「あざとい」と言われていた会社員が、就労支援施設でバイトしてみたら・・

最近、就労支援施設のスタッフとしてバイトを始めた。

今までデスクワークしかしてこなかったので、自分の机が無い仕事は手持ち無沙汰な時に戸惑う面もあるけれど、なかなか新鮮な感覚を味わっている。

私が今心掛けているもの

私がいるところは、鬱病や統合失調症、身体の怪我、発達障害などで一般企業での就労が難しい人を対象に、無理のない時間で(1日2時間程度)軽作業をしてもらう施設。

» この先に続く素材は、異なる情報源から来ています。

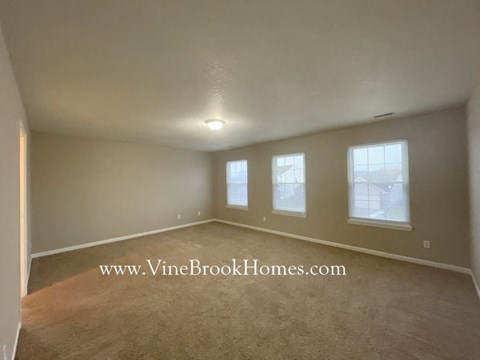 a living room with a carpet and three windows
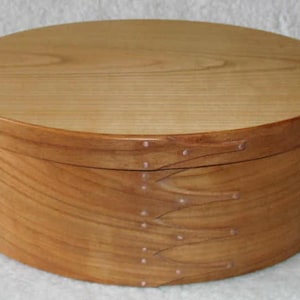 Può includere: Una scatola ovale in legno con una finitura in legno naturale. La scatola è realizzata in legno di ciliegio e ha un design semplice con accenti in rame.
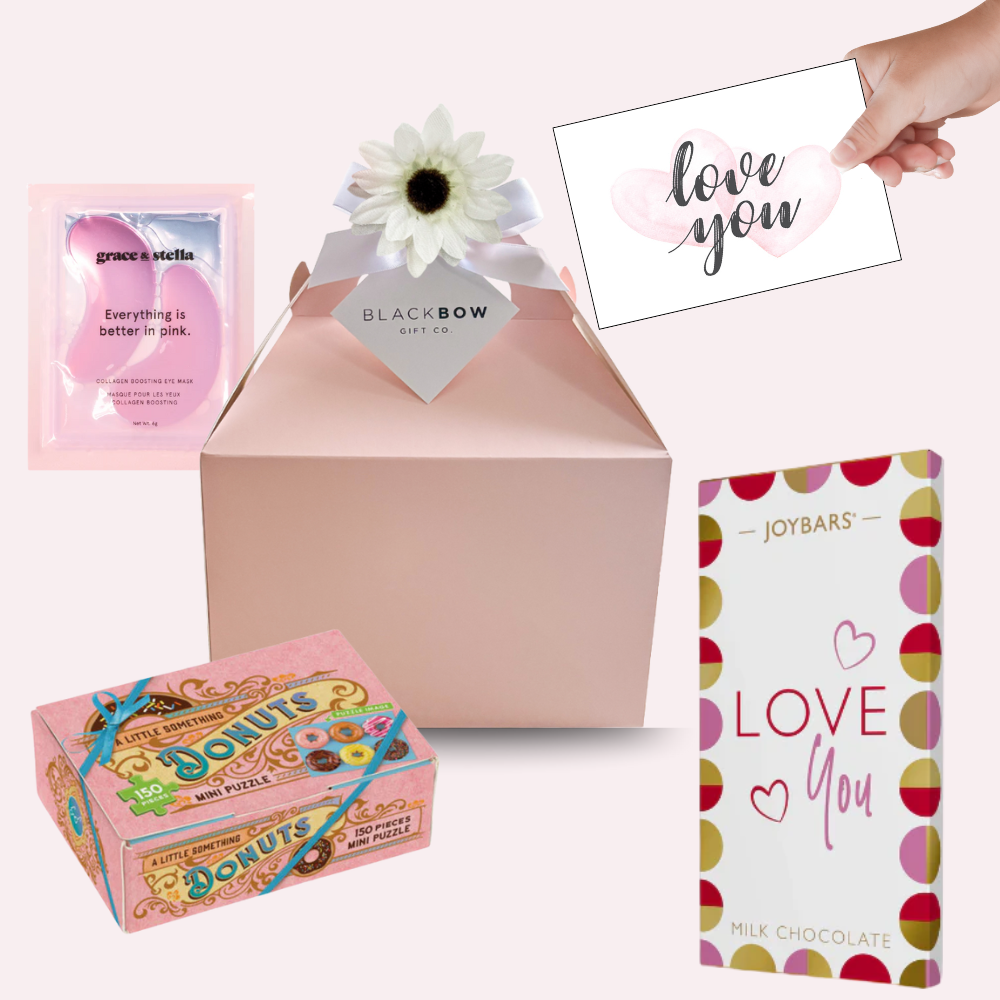 A blush pink gable gift box with a white ribbon and daisy flower topper, surrounded by a pink “Love You” milk chocolate bar, a pink collagen eye mask packet, and a small pastel donut-themed mini puzzle box—creating a sweet, playful, and self-care themed gift set.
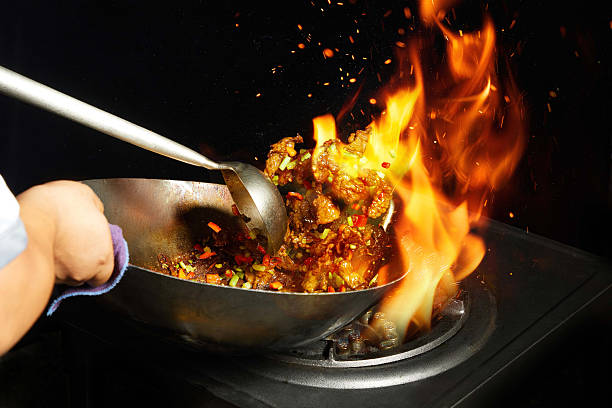 Skilled Chinese Chef Executing Traditional 'fire' Stir-Fry Technique,Professional Asian Chef Cooking Savory Dish in Wok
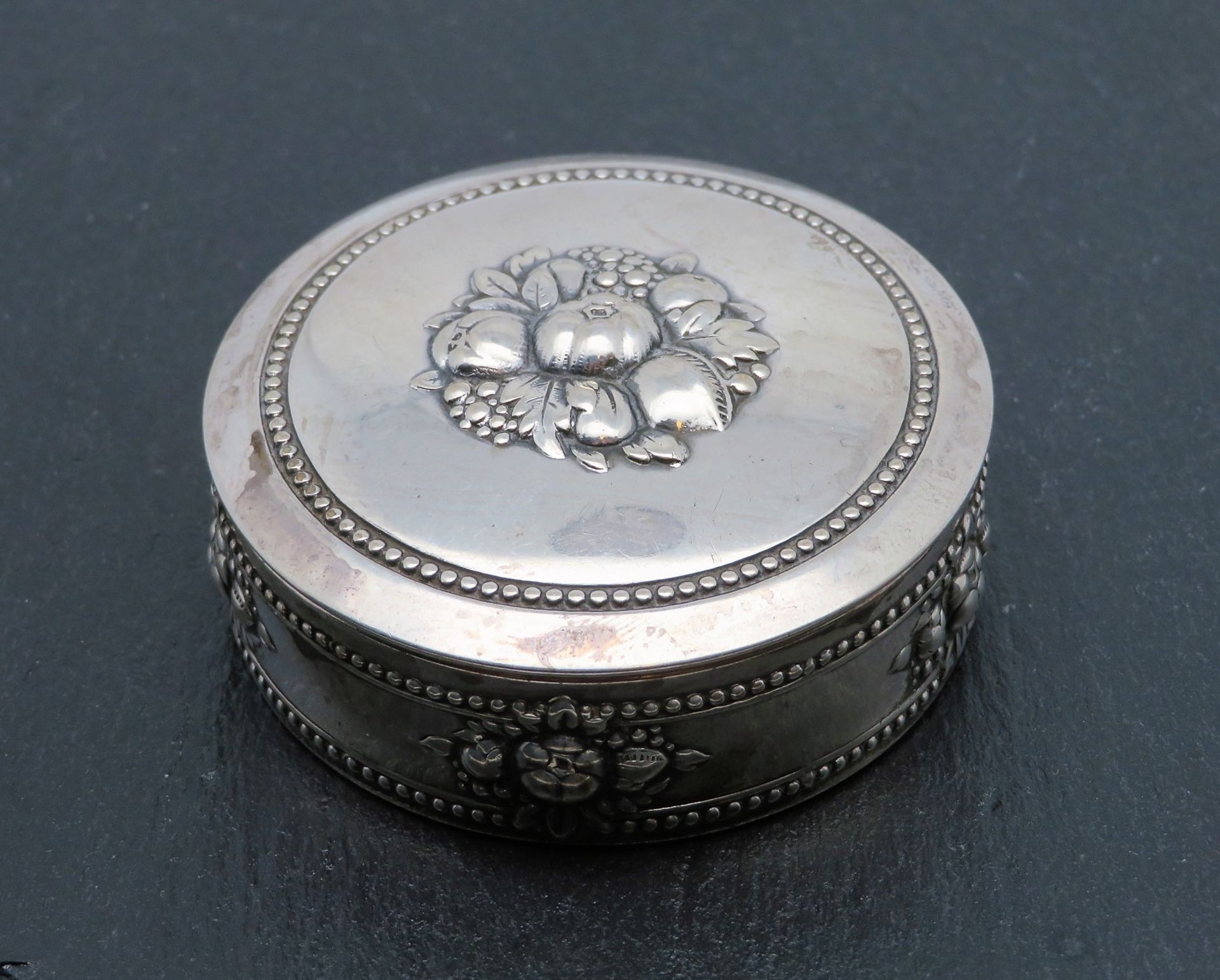 Deckeldose, um 1900, Silber 835/000, gepunzt, 33,7 g, reliefiertes Obstdekor, h 2,5 cm, d 6 cm.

私にとってこの業界は初めてなので、今の自分が特別何かを提供出来るわけではないけれど、一つだけ心掛けていることがある。それは施設の利用者にとってココ(施設)が一つの居場所だと感じて貰えるよう、心理的安全を作るよう接しようということ。簡単に言うと、心の「イイね」ボタンを押す事だと思っている。

褒める・媚びるではなく「やったぜ!」を共有したい

これは私が勝手に目標としてやっている事で、私の好きなアドラー心理学にも通じるものがあるんだけど、「言いなりになる」でも「甘やかす」「褒める」でもなくて、敢えて手を出しすぎないように、でも「ありがとう」や「めっちゃ助かった!」「嬉しい!」「センスが良い」「それも才能」は、しっかり言うようにしている。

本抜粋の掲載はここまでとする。